Your answer should be an exact copy of the lines from the start of the entries to the line containing "Malli 1917 Saarinen", both included.

─── Exercise material

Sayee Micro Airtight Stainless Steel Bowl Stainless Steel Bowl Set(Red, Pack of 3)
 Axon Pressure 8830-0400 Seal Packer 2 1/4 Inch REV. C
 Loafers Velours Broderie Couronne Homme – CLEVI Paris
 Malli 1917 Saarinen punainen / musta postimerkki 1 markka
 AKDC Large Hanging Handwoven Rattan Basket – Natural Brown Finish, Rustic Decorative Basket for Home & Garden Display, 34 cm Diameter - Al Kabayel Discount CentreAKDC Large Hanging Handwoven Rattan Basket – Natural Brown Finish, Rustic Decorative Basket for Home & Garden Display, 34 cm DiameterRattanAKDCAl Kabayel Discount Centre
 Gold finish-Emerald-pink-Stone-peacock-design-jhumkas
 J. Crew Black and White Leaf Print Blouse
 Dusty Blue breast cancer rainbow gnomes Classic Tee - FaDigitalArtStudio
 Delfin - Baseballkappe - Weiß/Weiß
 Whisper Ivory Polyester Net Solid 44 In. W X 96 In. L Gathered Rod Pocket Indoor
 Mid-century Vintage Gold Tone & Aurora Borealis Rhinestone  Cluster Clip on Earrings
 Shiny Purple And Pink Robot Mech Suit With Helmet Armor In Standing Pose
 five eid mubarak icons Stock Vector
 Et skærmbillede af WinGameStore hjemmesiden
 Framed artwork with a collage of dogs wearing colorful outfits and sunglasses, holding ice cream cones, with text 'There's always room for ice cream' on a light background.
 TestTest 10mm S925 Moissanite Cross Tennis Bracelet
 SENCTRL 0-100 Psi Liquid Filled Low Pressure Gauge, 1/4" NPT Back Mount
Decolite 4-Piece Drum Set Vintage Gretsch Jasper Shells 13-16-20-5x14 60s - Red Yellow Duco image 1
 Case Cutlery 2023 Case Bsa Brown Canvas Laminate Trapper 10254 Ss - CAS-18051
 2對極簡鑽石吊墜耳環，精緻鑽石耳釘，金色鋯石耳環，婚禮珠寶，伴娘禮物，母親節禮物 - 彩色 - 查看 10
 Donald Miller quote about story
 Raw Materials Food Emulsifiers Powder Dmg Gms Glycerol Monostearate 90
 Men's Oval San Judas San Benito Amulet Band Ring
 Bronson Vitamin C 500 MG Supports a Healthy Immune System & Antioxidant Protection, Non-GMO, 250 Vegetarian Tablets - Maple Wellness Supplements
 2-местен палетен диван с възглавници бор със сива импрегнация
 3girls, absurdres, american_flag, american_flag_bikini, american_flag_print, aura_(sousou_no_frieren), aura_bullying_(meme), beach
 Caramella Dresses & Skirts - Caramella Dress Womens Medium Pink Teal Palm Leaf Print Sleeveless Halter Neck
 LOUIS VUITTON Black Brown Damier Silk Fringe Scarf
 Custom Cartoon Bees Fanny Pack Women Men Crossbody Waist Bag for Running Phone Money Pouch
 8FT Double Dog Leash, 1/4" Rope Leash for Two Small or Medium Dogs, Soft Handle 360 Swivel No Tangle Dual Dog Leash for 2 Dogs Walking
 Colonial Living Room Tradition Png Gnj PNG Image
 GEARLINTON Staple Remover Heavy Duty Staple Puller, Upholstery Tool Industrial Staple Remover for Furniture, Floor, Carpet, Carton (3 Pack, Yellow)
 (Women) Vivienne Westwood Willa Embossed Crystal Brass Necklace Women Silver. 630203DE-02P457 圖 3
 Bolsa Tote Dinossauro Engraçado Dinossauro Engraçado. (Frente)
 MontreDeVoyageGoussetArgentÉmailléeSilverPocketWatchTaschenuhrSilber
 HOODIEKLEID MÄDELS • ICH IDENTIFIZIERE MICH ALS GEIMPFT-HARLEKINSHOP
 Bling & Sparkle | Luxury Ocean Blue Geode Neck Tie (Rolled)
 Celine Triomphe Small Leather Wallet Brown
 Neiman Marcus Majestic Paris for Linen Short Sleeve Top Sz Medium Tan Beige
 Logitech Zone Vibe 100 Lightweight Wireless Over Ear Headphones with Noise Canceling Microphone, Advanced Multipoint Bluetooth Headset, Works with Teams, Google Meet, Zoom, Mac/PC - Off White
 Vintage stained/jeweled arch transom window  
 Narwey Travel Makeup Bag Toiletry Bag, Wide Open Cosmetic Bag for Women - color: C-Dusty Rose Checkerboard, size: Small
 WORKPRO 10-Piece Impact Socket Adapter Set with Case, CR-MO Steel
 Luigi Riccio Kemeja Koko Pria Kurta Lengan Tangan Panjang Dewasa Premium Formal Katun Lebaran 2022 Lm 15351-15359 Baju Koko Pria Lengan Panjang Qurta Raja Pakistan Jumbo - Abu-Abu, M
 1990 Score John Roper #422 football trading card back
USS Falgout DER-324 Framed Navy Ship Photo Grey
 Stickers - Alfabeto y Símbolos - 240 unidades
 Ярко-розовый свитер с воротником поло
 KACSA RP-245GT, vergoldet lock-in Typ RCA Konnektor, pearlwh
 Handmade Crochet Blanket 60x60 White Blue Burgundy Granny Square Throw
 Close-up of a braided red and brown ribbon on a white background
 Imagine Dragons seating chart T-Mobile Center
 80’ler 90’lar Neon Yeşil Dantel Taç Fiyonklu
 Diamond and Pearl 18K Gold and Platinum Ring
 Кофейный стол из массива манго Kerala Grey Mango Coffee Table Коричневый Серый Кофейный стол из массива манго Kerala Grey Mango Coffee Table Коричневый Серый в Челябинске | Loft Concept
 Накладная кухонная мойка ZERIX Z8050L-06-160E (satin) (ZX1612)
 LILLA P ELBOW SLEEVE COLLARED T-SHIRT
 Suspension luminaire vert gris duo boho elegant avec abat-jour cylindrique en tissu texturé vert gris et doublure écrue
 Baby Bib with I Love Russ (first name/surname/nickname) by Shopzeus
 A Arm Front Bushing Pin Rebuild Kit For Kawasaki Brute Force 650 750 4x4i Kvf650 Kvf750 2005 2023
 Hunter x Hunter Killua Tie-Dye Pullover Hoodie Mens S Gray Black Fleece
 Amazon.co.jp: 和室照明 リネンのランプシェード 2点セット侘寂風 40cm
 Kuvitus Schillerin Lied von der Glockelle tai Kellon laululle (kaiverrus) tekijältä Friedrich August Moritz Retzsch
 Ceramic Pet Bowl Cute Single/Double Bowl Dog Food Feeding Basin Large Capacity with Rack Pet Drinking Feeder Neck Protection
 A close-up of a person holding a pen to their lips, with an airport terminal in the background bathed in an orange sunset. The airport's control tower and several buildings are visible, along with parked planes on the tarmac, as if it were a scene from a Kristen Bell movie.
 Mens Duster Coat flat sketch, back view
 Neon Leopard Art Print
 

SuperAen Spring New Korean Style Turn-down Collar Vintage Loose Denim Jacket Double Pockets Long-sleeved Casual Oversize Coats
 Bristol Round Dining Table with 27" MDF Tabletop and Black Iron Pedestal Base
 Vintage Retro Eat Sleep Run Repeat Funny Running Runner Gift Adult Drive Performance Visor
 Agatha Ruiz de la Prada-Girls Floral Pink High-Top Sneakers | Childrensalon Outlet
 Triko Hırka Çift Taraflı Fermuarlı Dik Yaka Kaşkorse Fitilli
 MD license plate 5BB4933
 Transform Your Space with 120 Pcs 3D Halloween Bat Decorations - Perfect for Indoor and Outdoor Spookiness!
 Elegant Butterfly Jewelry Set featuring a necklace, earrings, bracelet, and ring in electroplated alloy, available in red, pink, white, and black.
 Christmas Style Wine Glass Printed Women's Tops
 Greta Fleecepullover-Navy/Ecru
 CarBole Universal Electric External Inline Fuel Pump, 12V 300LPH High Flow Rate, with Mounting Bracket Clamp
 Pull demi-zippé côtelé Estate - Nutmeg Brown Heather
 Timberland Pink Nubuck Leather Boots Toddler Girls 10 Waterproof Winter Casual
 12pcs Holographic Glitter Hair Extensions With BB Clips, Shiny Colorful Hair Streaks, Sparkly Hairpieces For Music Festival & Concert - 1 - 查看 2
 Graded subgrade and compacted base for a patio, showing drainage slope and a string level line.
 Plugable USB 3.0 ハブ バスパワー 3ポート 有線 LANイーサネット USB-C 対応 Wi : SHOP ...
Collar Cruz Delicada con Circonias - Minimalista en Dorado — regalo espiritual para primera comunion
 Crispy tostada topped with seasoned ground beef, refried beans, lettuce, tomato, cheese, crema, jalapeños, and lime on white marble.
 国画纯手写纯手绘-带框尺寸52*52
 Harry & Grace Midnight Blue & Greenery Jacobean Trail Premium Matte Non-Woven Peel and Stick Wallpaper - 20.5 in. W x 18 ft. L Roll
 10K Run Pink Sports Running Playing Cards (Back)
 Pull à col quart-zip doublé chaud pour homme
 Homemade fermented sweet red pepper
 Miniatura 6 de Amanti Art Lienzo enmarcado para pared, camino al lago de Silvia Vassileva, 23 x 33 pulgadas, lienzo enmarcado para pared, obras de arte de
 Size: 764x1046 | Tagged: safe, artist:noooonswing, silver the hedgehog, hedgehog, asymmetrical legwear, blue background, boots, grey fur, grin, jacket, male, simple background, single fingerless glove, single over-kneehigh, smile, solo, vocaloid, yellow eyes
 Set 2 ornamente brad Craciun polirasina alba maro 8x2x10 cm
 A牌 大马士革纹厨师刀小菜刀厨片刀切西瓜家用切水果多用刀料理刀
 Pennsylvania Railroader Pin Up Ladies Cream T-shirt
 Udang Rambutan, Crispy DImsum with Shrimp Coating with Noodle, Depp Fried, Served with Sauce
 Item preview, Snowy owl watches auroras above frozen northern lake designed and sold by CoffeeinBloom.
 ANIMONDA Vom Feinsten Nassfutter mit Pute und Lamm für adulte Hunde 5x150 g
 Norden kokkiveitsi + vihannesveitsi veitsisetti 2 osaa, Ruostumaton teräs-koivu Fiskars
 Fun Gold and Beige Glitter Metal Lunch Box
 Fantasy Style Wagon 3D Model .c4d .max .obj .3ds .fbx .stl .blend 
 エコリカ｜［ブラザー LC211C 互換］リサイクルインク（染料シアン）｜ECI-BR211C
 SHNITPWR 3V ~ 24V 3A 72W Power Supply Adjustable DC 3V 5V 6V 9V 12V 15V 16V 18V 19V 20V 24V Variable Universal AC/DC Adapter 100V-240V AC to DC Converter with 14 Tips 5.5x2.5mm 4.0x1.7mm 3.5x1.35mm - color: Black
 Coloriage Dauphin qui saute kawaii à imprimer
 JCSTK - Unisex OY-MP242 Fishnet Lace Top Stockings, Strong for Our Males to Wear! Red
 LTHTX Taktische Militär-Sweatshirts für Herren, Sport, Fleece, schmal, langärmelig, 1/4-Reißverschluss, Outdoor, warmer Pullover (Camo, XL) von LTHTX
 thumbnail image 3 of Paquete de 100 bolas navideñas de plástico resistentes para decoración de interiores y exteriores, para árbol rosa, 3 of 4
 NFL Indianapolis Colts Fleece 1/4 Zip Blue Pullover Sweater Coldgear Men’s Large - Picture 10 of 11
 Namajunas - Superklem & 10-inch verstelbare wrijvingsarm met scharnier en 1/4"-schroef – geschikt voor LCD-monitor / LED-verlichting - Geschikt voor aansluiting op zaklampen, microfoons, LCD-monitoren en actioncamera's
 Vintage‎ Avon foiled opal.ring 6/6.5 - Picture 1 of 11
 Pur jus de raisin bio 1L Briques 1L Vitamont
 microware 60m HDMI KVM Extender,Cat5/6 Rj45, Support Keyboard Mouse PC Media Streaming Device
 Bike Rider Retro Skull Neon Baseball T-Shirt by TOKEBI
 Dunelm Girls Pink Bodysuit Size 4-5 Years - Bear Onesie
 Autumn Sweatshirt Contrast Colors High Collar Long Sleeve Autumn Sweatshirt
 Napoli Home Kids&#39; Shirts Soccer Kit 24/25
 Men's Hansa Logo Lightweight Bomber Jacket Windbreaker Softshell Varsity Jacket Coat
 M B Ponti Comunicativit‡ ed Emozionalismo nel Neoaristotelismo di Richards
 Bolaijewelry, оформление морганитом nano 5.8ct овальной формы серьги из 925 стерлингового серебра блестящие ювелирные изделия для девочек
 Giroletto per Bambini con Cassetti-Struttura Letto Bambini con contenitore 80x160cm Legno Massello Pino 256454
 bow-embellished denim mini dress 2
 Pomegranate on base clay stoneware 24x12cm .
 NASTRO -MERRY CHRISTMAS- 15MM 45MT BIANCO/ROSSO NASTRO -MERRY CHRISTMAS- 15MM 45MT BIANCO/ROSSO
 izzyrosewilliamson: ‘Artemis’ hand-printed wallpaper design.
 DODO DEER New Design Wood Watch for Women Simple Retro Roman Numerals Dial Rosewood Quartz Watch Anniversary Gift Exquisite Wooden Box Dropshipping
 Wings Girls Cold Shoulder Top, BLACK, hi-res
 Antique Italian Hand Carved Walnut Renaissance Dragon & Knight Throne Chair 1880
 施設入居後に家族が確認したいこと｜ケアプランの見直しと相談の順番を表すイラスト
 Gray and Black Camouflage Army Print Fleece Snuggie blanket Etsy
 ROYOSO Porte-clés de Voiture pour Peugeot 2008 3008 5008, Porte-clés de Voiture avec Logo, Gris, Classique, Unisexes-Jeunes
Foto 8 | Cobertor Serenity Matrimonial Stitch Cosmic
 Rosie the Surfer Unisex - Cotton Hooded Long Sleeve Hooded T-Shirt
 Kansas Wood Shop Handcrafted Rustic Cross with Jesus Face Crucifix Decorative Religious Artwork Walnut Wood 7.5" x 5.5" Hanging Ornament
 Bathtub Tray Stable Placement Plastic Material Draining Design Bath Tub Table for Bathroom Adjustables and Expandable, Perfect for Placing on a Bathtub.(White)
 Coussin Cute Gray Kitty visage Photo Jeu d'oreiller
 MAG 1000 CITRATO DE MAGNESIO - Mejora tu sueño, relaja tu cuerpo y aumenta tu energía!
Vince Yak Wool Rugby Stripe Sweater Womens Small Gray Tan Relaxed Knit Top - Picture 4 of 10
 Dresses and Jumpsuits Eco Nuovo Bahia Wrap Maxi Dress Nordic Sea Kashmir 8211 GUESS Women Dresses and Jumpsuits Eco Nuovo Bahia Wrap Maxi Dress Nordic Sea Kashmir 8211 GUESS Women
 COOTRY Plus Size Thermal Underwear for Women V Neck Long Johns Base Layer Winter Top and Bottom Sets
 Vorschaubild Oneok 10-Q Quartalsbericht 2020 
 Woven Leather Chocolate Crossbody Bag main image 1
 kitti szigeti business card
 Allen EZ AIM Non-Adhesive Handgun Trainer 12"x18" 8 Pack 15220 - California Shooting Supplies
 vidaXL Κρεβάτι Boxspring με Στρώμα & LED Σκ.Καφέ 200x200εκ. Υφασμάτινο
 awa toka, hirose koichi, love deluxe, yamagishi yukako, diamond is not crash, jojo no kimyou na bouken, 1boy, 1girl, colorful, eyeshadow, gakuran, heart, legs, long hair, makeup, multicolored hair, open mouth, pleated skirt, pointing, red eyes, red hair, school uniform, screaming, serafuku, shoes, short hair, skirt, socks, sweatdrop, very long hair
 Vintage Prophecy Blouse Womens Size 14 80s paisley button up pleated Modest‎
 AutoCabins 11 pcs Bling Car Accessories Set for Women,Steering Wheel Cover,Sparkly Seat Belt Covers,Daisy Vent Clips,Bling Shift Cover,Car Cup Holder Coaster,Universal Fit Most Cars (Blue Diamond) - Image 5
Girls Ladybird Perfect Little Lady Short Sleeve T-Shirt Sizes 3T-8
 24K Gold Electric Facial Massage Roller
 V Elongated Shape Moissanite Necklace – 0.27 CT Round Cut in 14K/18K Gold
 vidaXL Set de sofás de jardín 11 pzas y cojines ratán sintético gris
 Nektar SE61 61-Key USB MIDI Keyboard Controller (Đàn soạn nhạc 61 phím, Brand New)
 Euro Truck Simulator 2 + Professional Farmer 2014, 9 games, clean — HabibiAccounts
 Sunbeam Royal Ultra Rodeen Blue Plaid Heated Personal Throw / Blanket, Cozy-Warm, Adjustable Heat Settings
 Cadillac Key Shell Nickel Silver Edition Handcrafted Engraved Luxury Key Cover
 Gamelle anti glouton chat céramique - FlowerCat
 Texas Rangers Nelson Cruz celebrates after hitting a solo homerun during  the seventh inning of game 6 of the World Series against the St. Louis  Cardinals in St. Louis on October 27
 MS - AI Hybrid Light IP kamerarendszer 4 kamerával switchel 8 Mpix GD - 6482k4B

──────

### Your solution
Sayee Micro Airtight Stainless Steel Bowl Stainless Steel Bowl Set(Red, Pack of 3)
 Axon Pressure 8830-0400 Seal Packer 2 1/4 Inch REV. C
 Loafers Velours Broderie Couronne Homme – CLEVI Paris
 Malli 1917 Saarinen punainen / musta postimerkki 1 markka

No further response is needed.